When Apple revealed its new programming language Swift in 2014, some prophesied it would disrupt the iOS development job market and bring down salaries. Luckily for the iOS developers, that didn’t turn out to be the case.
The forecasters shot off the mark because they made a crucial mistake in assessing what iOS developers are paid to do. I want to tell you this story because I see the same mistake being made by the crowd that today worries AI will eat up knowledge work and make us all redundant.

Before the introduction of Swift, iOS and macOS apps were predominantly written in Objective-C1. This programming language what developed in the early 1980s, and many steered away from it because of its dated syntax and the peculiar use of square brackets for invoking methods2. Swift represented a breath of fresh air for developers in the Apple platform. Compared to Objective-C, the syntax felt lean and modern. Apple had successfully smoothed the learning curve and lowered the barrier to entry.
Many observers thought developers from other backgrounds could now quickly jump into the Apple ecosystem thanks to Swift. They expected this to produce a sudden increase in supply in the job marketplace but without a comparable change in demand and in salaries going down as a result.
But Swift didn’t affect the supply and demand in the marketplace because, as every enthusiastic developer attempting to jump into iOS development soon realized, there’s much more that goes into shipping an app than knowing how to code in the recommended programming language.
Swift might have made the coding more accessible but didn’t remove the hurdle of learning how to converse with the iOS and macOS runtime, draw UIs, store data, or interact with the various other Apple APIs and frameworks. The new programming language didn’t help navigate Apple’s infamous process for signing applications for distribution nor made its arcane errors easier to understand. For all its improvements, Swift did not help developers get past the strict App Store review process.
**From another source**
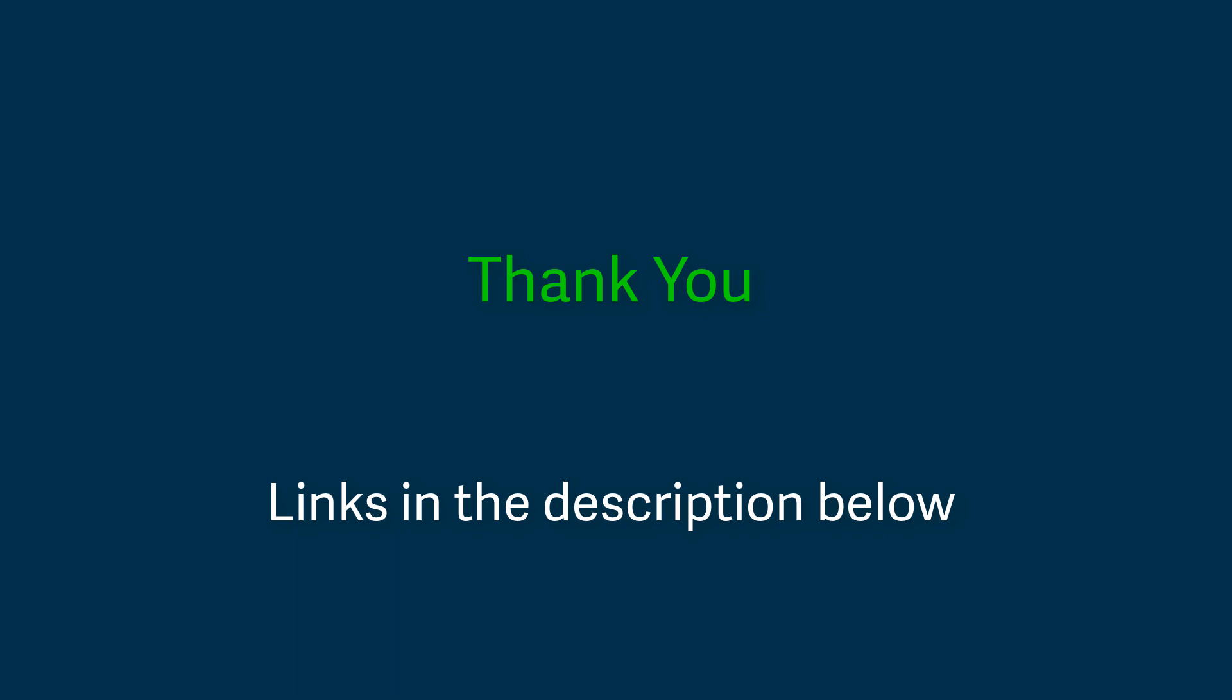I appreciate you taking the time to watch this video and look forward to sharing more exciting updates with you very soon. Until next time.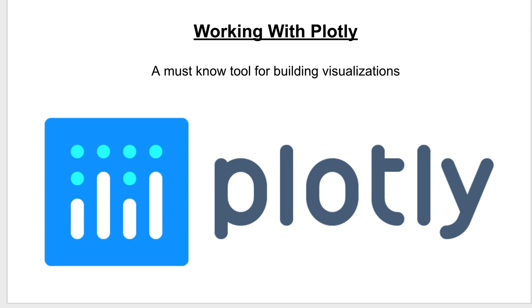Hi guys, Jordan Sawchuck here from the Super Data Science team, bringing you this series on working with Plotly.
Making it easier to write the code to build Apple apps did not disrupt the iOS development market because writing the code was and still is only a tiny fraction of what it means to work in the Apple ecosystem.
Fast forward to the present day, and we can observe similar prophecies for how ChatGPT will disrupt many professions that rely on writing or how image generation AIs will leave many artists out of a job. What a superficial analysis of the marketplace. What a demeaning mental model for what creative knowledge work means.
In a recent New Yorker piece, computer scientist and author Cal Newport debunked the fear of generative AIs as a threat to knowledge workers. He concluded by saying:
[ChatGPT] is unlikely in its current form to significantly disrupt the job market. Much of what occurs in offices, for example, doesn’t involve the production of text, and even when knowledge workers do write, what they write often depends on industry expertise and an understanding of the personalities and processes that are specific to their workplace.
Generative AIs will not steal your knowledge job because your job was never about pushing buttons to generate artifacts. Your job is to think critically about which buttons to push and to collaborate with other creative minds to make timely, context-specific decisions which drive the generation of artifacts.
1 – The were ways of writing apps in other languages such as Ruby with RubyMotion but they always remained niche. That no alternative syntax ever gained sizable traction is in itself telling of how the programming language of choice is only one of the many factors that affect an ecosystem’s learning curve.
2 – I had many conversation back in the day with people disliking the square brackets. I always found that to be a poor approach to software development. Any software engineer worth its title should be willing to pick up any language necessary to get the job done. As a commentator put it in a heated Hacker News discussion on why Objective-C is hard, people fret over language syntax too much.